Speaking at the Financial Times’s Global Banking Summit on Tuesday, Kelleher said external hires would be considered to bolster competition for one of the biggest roles in global banking.
“Morgan Stanley was a bloodless coup — I would love to get to the stage in future where UBS could run the same playbook . . . with a number of credible candidates,” he said. Morgan Stanley earlier this year had at least three internal contenders to succeed outgoing chief executive James Gorman, before landing on investment banking chief Ted Pick.
Ermotti returned to UBS this spring, just days after the bank agreed to rescue its former rival Credit Suisse.
Kelleher said he had agreed with Ermotti when he rejoined that the pair should prepare a shortlist of potential successors while Ermotti concentrated on integrating the Credit Suisse business.
“I discussed it at dinner with Sergio when he agreed to come back,” said Kelleher. “There is a lot of life in him, but he is not as young as some people.”
He said UBS was moving to a more tricky period in its integration of Credit Suisse, echoing comments made by Ermotti that 2024 would be a pivotal year and warning of steep costs ahead.
“The easy losses are getting rid of headcount, the sticky ones are allocated in control functions, data, IT,” Kelleher added. “2024 is the first year we don’t have the cover of the ‘easy’ costs.”
The most controversial element of the Credit Suisse takeover was that it included bondholders holding $17bn of additional tier one securities being wiped out. The decision has led to up to $9bn of legal claims, but Kelleher said it was a decision that UBS had nothing to do with.
“I am sympathetic to bondholders, but there is a lesson there to read your prospectus,” he added.

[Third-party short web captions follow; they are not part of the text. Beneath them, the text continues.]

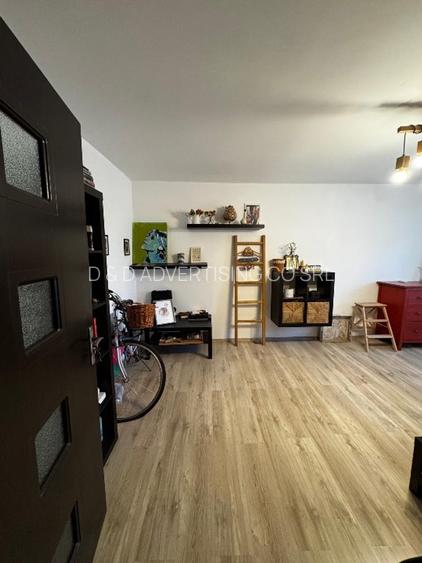 TEI / GHICA TEI - Garsoniera DECOMANDATA - PET FRIENDLY - 4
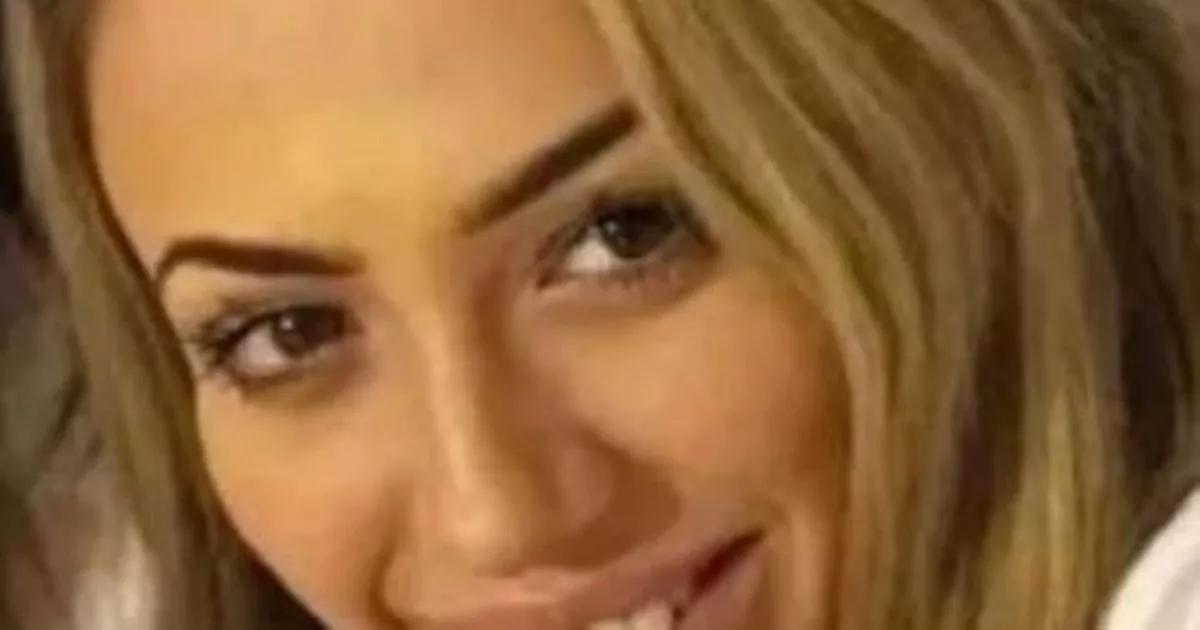 Geordie Shore star Holly Hagan's sister, 19, dies with star left 'traumatised'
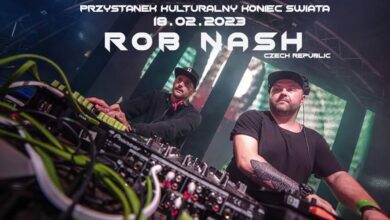 Photo of DROP BEATS NOT BOMBS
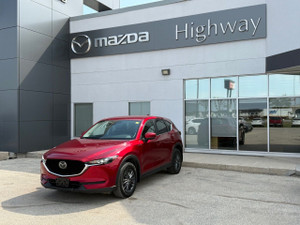 2020 Mazda CX-5 GS GS Auto AWD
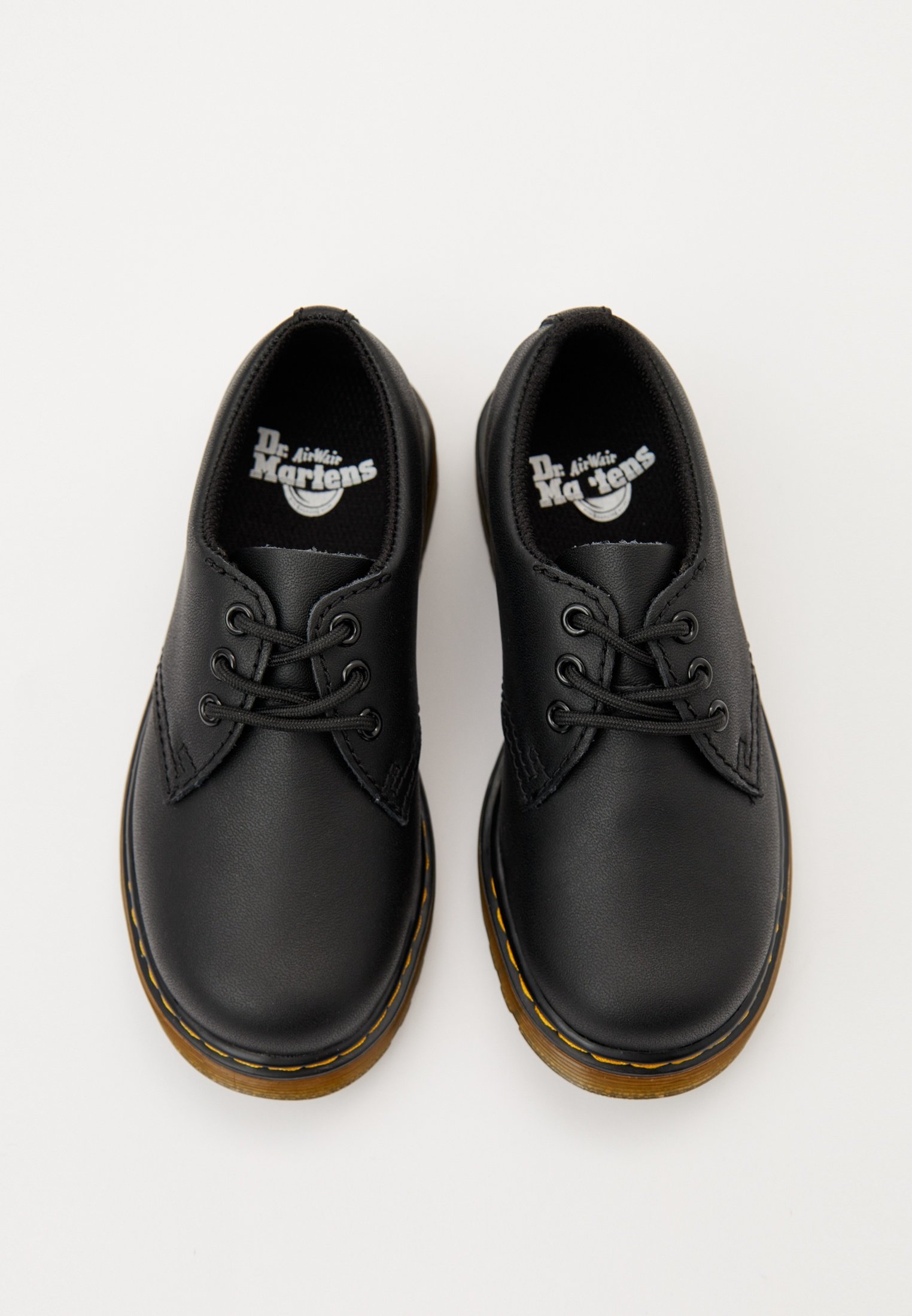 Туфли Dr. Martens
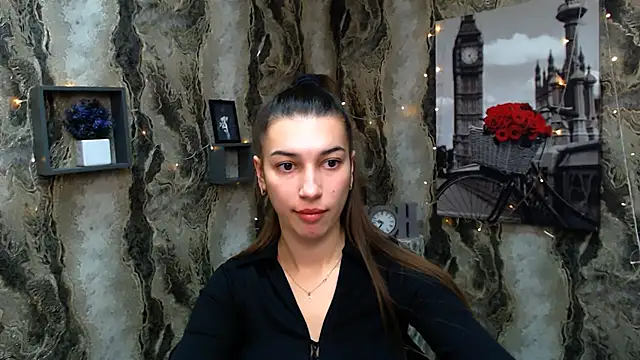 KarolinaRosse  online show from January 8, 10:26 am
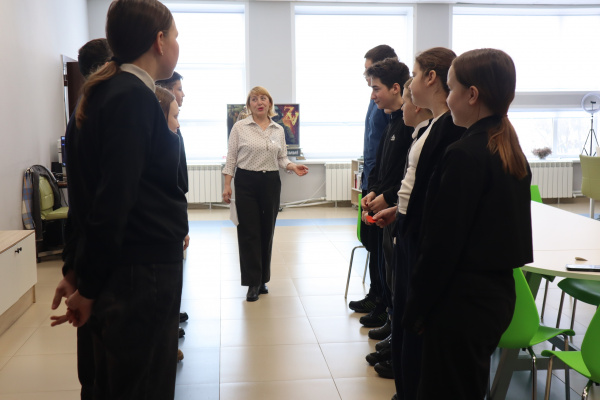 Мастер-класс «Актерское мастерство и сценическая речь»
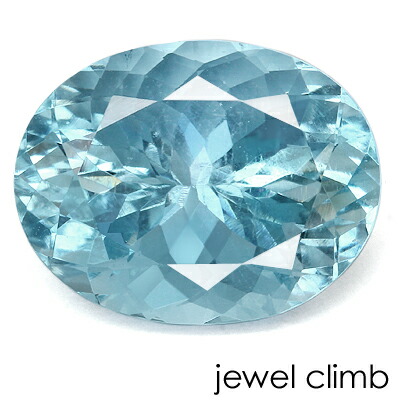 楽天市場】サンタマリアアクアマリン 宝石 ルース 7．74CT : 直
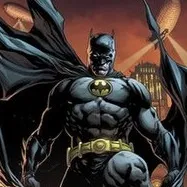 chat with ai character: Batman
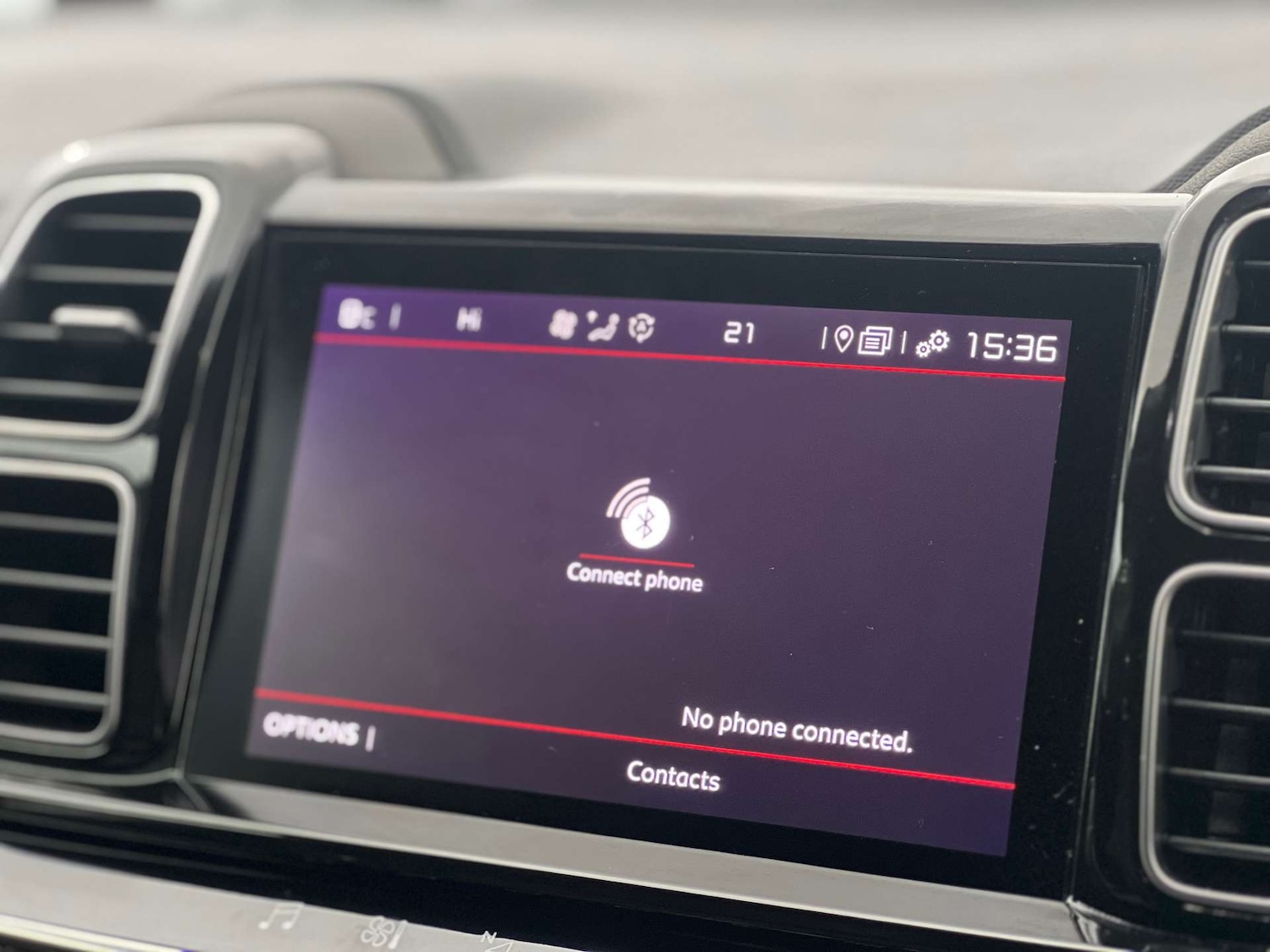 Used Citroen C5 Aircross 2021 for sale - 77299411: Photo 34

UBS recently returned to the AT1 market, issuing $3.5bn of bonds that received $36bn of interest from investors. Kelleher said to expect further AT1 issuance from UBS in the near future, with analysts estimating that the bank would need to issue a further $11bn of such debt to make its capital stack efficient.
“The fact that we had $36bn of interest in $3.5bn of bonds is telling you that it is yesterday’s battle.”